The Sierra Leone bishop convened a pivotal roundtable to resolve longstanding UMC divisions over LGBT issues.

Christianity Today August 18, 2020
Portrait by Kathleen Barry / United Methodist News / Flickr

John K. Yambasu, the West African bishop who brought factions of the United Methodist Church (UMC) together to agree on a plan for their split over homosexuality, died in a car accident outside Freeport, Sierra Leone, over the weekend.

The 63-year-old is remembered as a gentle diplomat in the church and a faithful advocate for Christian education in Africa.

Yambasu, the resident bishop of the Sierra Leone area and president of the United Methodist Africa College of Bishops, “stood like a giant in the worldwide mission of the United Methodist Church,” said Bishop Hee Soo Jung, president of the denomination’s General Board of Global Ministries.

Yambasu organized the Protocol for Reconciliation and Grace, a proposal announced in January 2020 and to be voted on in August 2021.

After several stalemates over what to do about the UMC’s decades of division over same-sex marriage and gay clergy, the protocol brought together key leaders from all sides and is expected to be the final chapter in this decades-long battle when the denomination’s legislative body convenes at its postponed conference next year.

Yambasu trusted God as determining the outcome of their prolonged denominational efforts.

“I strongly believe that we don’t own the church, it is God’s church, and God is just using us as instruments of his grace,” he said. “No matter what we do, no matter how much money we spend, no matter what conversations we do, in the final analysis it’s God’s church, and God will lead his church to where he wants his church to be.”

Methodist leaders on both sides of the anticipated split paid tribute to him after the news of his death on Sunday.

Jan Lawrence, executive director of Reconciling Ministries Network, which focuses on welcoming the LGBTQ community, said Yambasu “became a friend during our meetings,” and “The United Methodist Church will miss his leadership and his positive energy.”

Keith Boyette, president of the Wesleyan Covenant Association, a group that advocates for a traditional view of marriage and against LGBT clergy, remembered his “wise counsel and gentle spirit.”

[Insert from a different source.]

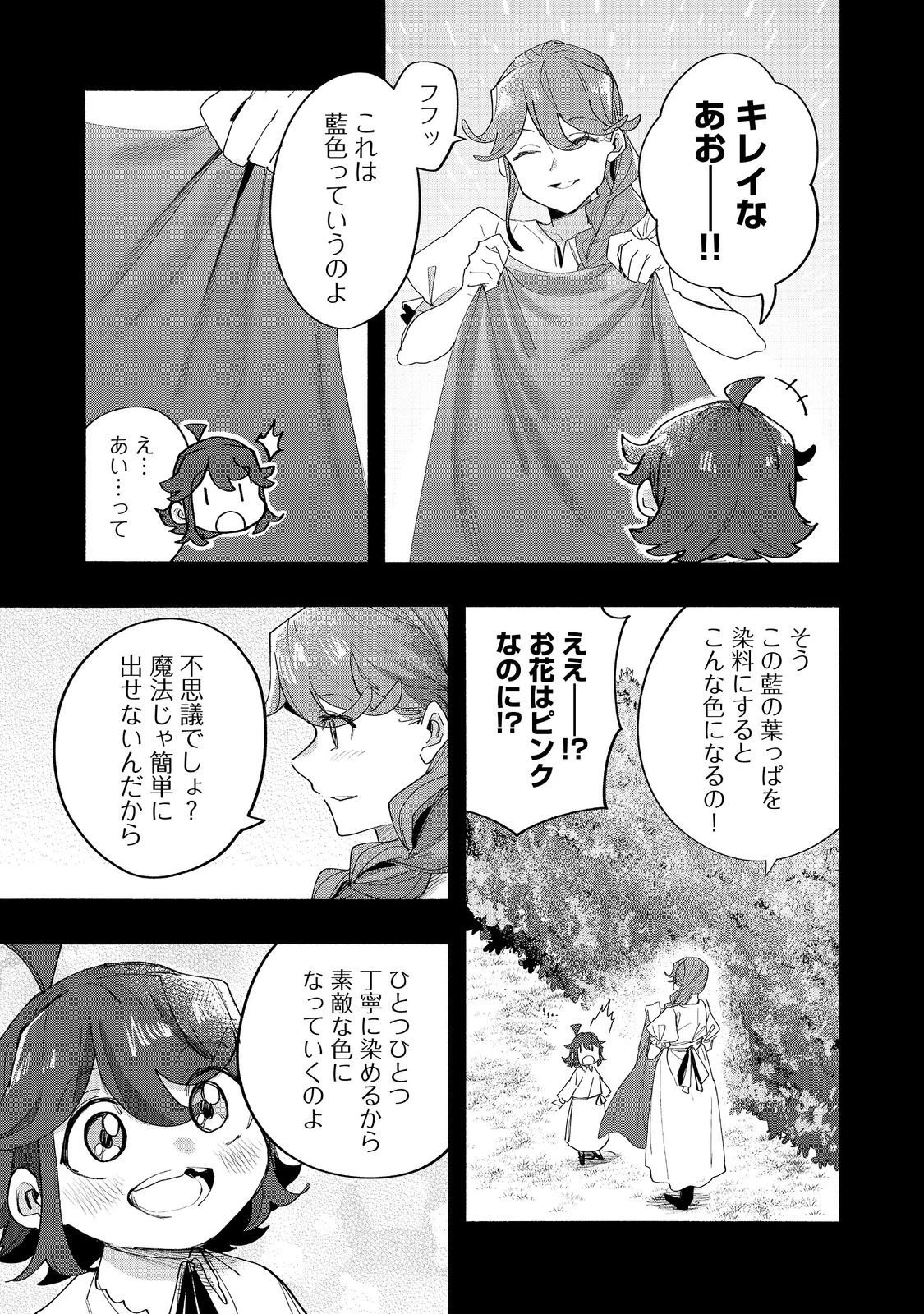 今日も絵に描いた餅が美味い＠ＣＯＭＩＣ 第44話 - 15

The UMC missions agency notes that Yambasu’s calm, uniting presence and diplomatic leadership allowed him to negotiate the end of a 12-year schism within the Burundi church in 2018. He was also instrumental in rallying faith communities from all across Sierra Leone to help prevent the spread of Ebola as it moved across West Africa in 2014–2016.

Born in southern Sierra Leone, Bishop Yambasu received his primary and secondary education at United Methodist mission schools. He earned a bachelor’s in agriculture from Njal University, a passion that continued into his ministry as a bishop as he called for better stewardship of church land in food production.

He received his master’s of theology from the Candler School of Theology at Emory University in Atlanta. Last year, he was elected chancellor of Africa University, a Methodist institution in Zimbabwe.

Yambasu pastored churches in Freetown and Moyamba, but ultimately focused on Christian education and youth ministry.

He founded the Child Rescue Center to care for children whose families were left impoverished by more than a decade of civil war. “The dream was to provide hope for many children that were abandoned and languishing on the streets of Sierra Leone during the war. Most were either orphaned or displaced by the civil conflict,” the bishop said in 2017.

While he was known for his recent involvement in debates over sexuality, Yambasu also challenged Methodists to think about their responsibility to also address poverty, illiteracy, and starvation in places like Africa.

“I would only want to appeal to the general church that we pause for a while and rethink our calling as a church,” he said in 2018. “Is that what God has really called us to do, to spend his resources legislating sex? Or has he called us to be on mission to the whole world?”

Yambasu is survived by his wife, Millicent, and their children Rebecca, Adima, John, Emmanuel, and Elizabeth.